**EXERCISE DETAILS**
For each line of the material below, give that line again word for word.

**DATA TO USE**
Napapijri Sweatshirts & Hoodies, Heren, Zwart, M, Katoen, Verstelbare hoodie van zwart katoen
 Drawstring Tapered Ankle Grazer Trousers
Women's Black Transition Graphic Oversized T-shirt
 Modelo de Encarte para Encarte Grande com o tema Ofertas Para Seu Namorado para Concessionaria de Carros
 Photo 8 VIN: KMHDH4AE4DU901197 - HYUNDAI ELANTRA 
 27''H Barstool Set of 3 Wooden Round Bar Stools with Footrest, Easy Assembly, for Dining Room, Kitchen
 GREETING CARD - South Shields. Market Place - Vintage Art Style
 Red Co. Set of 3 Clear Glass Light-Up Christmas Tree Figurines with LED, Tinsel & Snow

**TASK SOLUTION**
Napapijri Sweatshirts & Hoodies, Heren, Zwart, M, Katoen, Verstelbare hoodie van zwart katoen
 Drawstring Tapered Ankle Grazer Trousers
Women's Black Transition Graphic Oversized T-shirt
 Modelo de Encarte para Encarte Grande com o tema Ofertas Para Seu Namorado para Concessionaria de Carros
 Photo 8 VIN: KMHDH4AE4DU901197 - HYUNDAI ELANTRA 
 27''H Barstool Set of 3 Wooden Round Bar Stools with Footrest, Easy Assembly, for Dining Room, Kitchen
 GREETING CARD - South Shields. Market Place - Vintage Art Style
 Red Co. Set of 3 Clear Glass Light-Up Christmas Tree Figurines with LED, Tinsel & Snow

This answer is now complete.